Chapter 11: Multiple Regression

13. Chapter 11: Multiple Regression#

In Chapters 2 and 10, we studied methods for inference in the setting of a linear relationship between a quantitative response variable \(y\) and a single explanatory variable \(x\). In this chapter, we investigate situations in which multiple explanatory variables work together to explain, or predict, the response variable.

Here are some examples. See if you can identify the response and explanatory variables as well as determine whether each explanatory variable is quantitative or categorical.

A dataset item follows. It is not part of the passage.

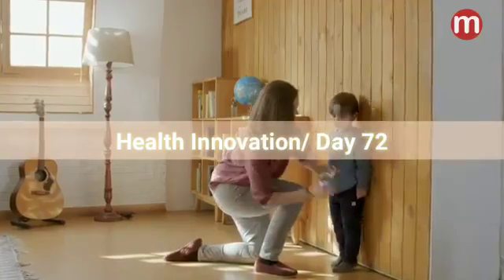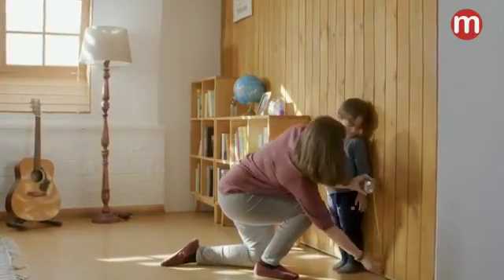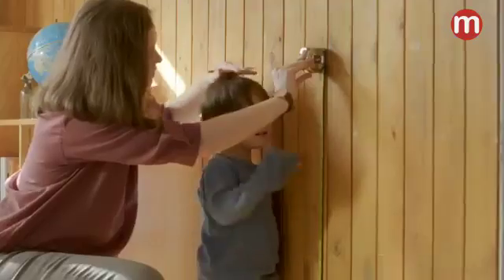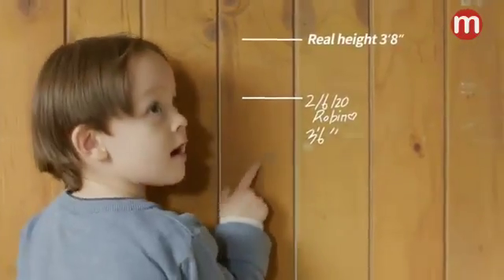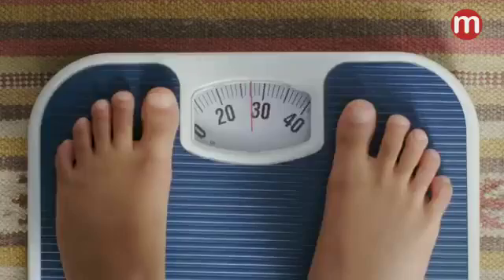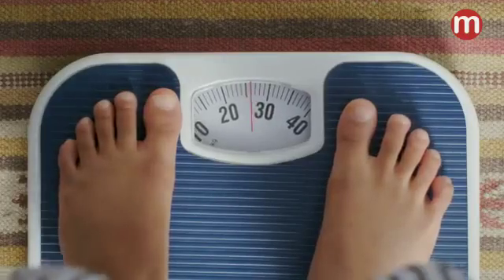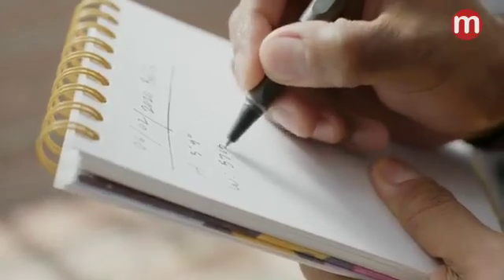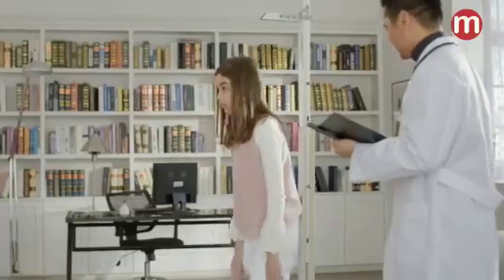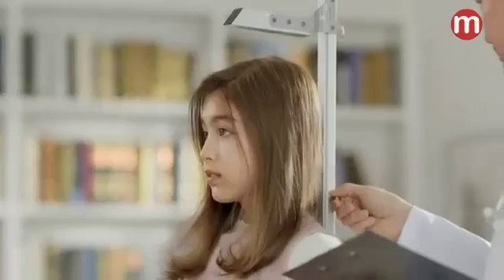How do you measure your child's height and weight at home? It must be inconvenient, inaccurate, and quite hassling to record the data. So you end up visiting the doctors for more accurate measurements.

Data for Multiple Regression

The data for a simple linear regression problem consist of \(n\) pairs of a response variable \(y\) and an explanatory variable \(x\). Because there are several explanatory variables in multiple regression, the notation needed to describe the data is more elaborate.

Each observation (or case) consists of a value for the response variable and for each of the explanatory variables. Call \(x_{ij}\) the value of the \(j\)th explanatory variable for the \(i\)th case. The data are then:

\[\begin{split}\begin{aligned} \text{Case 1:} & \quad (y_1, x_{11}, x_{12}, \ldots, x_{1p}) \\ \text{Case 2:} & \quad (y_2, x_{21}, x_{22}, \ldots, x_{2p}) \\ & \quad \vdots \\ \text{Case n:} & \quad (y_n, x_{n1}, x_{n2}, \ldots, x_{np}) \end{aligned}\end{split}\]

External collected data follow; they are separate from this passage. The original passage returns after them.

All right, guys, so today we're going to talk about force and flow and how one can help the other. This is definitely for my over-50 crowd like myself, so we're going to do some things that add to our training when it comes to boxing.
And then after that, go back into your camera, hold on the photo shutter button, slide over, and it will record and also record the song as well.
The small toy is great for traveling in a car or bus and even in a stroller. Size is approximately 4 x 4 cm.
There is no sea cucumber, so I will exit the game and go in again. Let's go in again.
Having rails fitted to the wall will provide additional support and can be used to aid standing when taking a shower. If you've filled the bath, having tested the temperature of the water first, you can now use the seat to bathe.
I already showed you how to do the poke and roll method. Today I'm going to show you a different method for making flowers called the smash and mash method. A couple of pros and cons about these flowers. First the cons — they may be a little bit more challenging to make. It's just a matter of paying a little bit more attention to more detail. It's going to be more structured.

Here, \(n\) is the number of cases, and \(p\) is the number of explanatory variables.

Data are often entered into computer regression programs in this format. Each row is a case, and each column corresponds to a different variable.

Population Multiple Regression Equation

The simple linear regression model assumes that the mean of the response variable \(y\) depends on the explanatory variable \(x\) according to a linear equation:

\[\mu_y = \beta_0 + \beta_1 x\]

For any fixed value of \(x\), the response \(y\) varies Normally about this mean and has a standard deviation \(\sigma\) that is the same for all values of \(x\).

In the multiple regression setting, the response variable \(y\) depends on \(p\) explanatory variables, which we denote by \(x_1, x_2, \ldots, x_p\). The mean response depends on these variables according to the linear function:

\[\mu_y = \beta_0 + \beta_1 x_1 + \beta_2 x_2 + \cdots + \beta_p x_p\]

This expression is the population regression equation, and the observed values \(y\) vary about their means given by this equation.

As in simple linear regression, we can also think of this model in terms of subpopulations of responses. Each subpopulation corresponds to a particular set of values for all the explanatory variables \(x_1, x_2, \ldots, x_p\).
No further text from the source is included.